Ask yourself: What is one thing that I can do going forward that demonstrates the opposite of my feared narrative? How can I show others that what they think is not true?
For my client who feared damage to a critical relationship, the counterpoint is to show him that she remains a supporter through giving him a helpful resource, prioritizing a task he needs done, or speaking highly of his work in another setting.
When I was at Thumbtack, I got feedback that I was intimidating. To counter this narrative, I proactively reached out to more junior members of the team, particularly on adjacent functions (e.g., customer support, lifecycle marketing), to hear their ideas and support their work.

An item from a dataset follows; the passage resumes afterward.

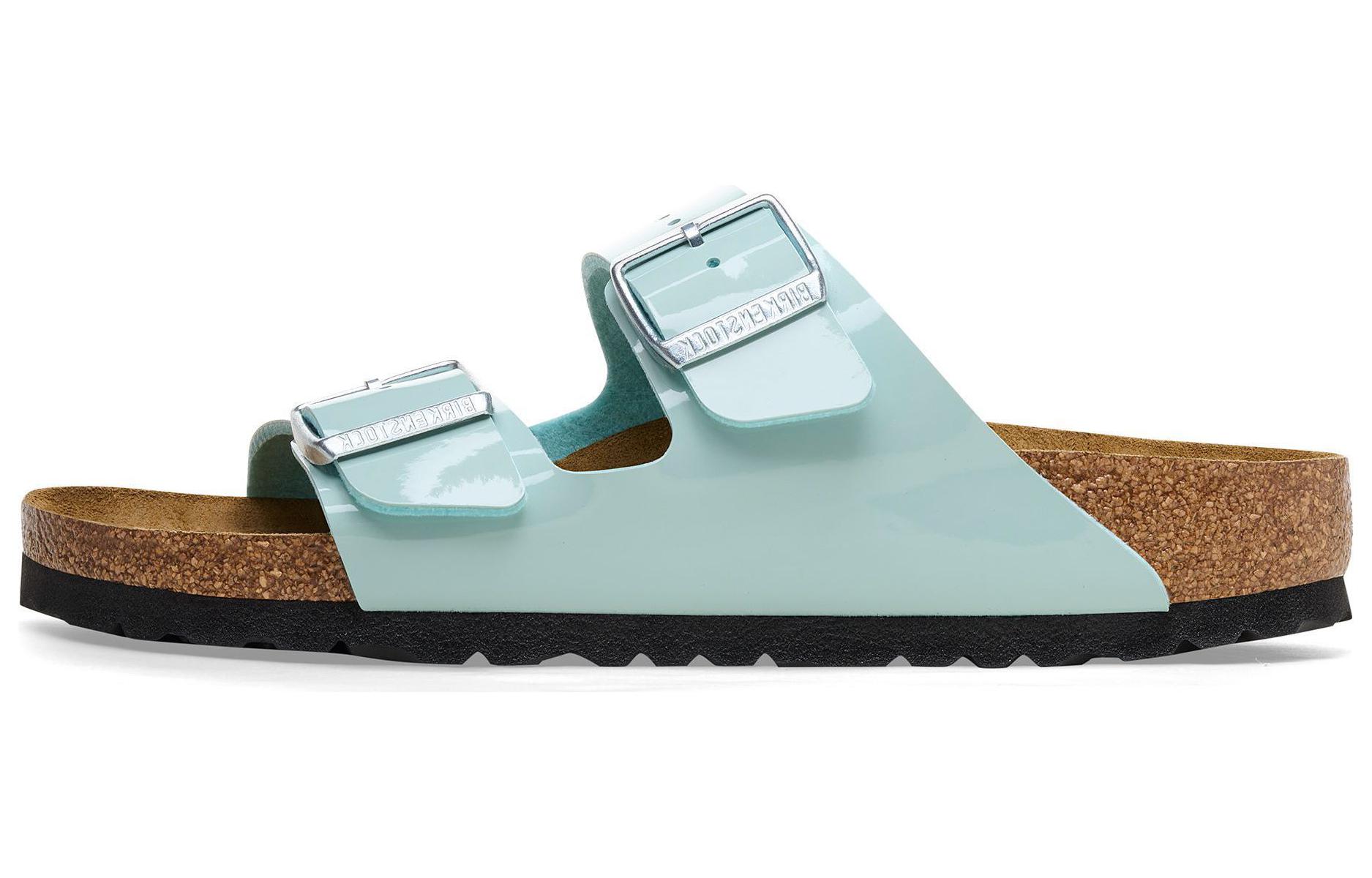 (Women) Birkenstock Arizona 'Soft Footbed Buckle Slide - Teal Regular' 1026934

At Meta, some very senior engineers on my team worried I was not “in the weeds” enough to make strong decisions. To counter this narrative, I got very involved in one particularly technical project in order to build confidence that I understood the technical tradeoffs. Rather than trying to argue the perspective (e.g,. I am considering technical details!), I found a good counterpoint to demonstrate the opposite of the perception.
The counterpoint action is best if it is immediate and visible. Demonstrating this counterpoint within 24-48 hours of the initial trigger has an outsized impact because it is still top of mind for others. This likely means it needs to be practical and lower effort. It does not need to be a grandiose gesture or an extremely thorough analysis. Remember, rather than staying in a negative spiral due to something outside your control, focus on what you can control and take action to counter the perception.